Depuis une décennie, les transformations RH en France s’appuient sur deux cadres majeurs. Le premier, la Skills-Based Organization (SBO), né des travaux du Josh Bersin Company et consolidé par Deloitte, McKinsey ou Gartner, propose de structurer les organisations autour des compétences plutôt qu’autour des postes. Le second, l’entreprise apprenante, introduit par Peter Senge au MIT dans les années 1990, valorise la capacité d’apprentissage continu comme fondement de l’adaptabilité collective.
Ces deux modèles ont ouvert des voies essentielles : l’un apporte une architecture, l’autre une dynamique. Les entreprises françaises s’y réfèrent largement, comme Pernod Ricard, LVMH, ou encore Société Générale, qui ont engagé des démarches compétences ou des programmes d’apprentissage ambitieux.
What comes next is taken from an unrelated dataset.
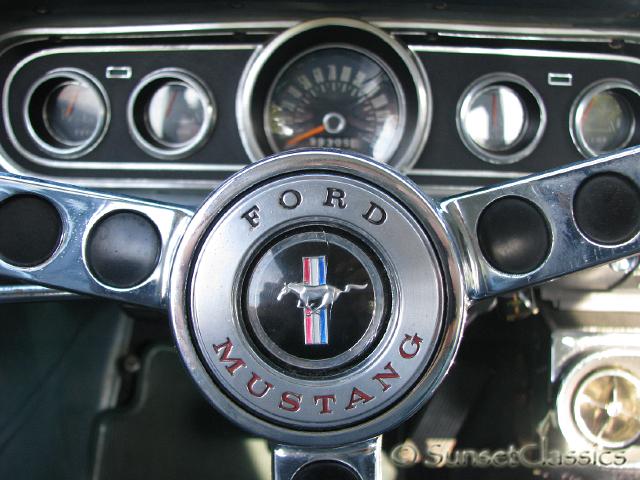 1966-ford-mustang-289-080.JPG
Pourtant, dans de nombreux cas, les résultats restent partiels. Non pas par défaut de volonté ni de conception, mais parce qu’un paramètre décisif manque encore : la capacité cognitive réelle des collaborateurs. Cette capacité conditionne l’attention, la concentration, l’apprentissage, la gestion de la complexité et, plus largement, la qualité du travail. Et tant que ce facteur reste implicite et non géré spécifiquement, les transformations s’épuisent avant d’atteindre leur plein potentiel.
Un rappel nécessaire : la généalogie des modèles
L’entreprise apprenante s’ancre dans cinq disciplines décrites par Peter Senge en 1990 dans son ouvrage La Cinquième Discipline, dont la pensée systémique et la maîtrise personnelle. Ce modèle a façonné l’idée d’une organisation qui évolue collectivement, en s’appuyant sur l’intelligence distribuée.
La Skills Based Organisation, ou SBO, se développe plus récemment, dans un contexte de pénurie de talents et d’obsolescence accélérée des compétences. Josh Bersin en a posé les jalons, et les grands cabinets de conseil en ont étendu l’usage : identification des compétences critiques, structuration par capacités, mobilité interne augmentée par la donnée, workforce planning, etc.
La charge cognitive, conceptualisée par John Sweller dès les années 1980, démontre que l’apprentissage dépend directement du niveau de sollicitations mentales auxquelles une personne est exposée. Ce concept fournit un cadre scientifique solide pour comprendre pourquoi certaines organisations apprennent réellement, et d’autres non.
La Skills-Led Organization (SLO), enfin, apparaît depuis 2021 dans les travaux de Bersin et chez SAP SuccessFactors. Même si le concept est encore quasi-inexistant en France, il vise à faire des compétences un véritable système de pilotage stratégique, pour dépasser les limites de la SBO. Cette évolution clarifie la place des compétences dans les décisions, mais reste pour l’instant, dans la littérature internationale, un approfondissement structurel de la SBO, qui n’en résout pas les problèmes profonds.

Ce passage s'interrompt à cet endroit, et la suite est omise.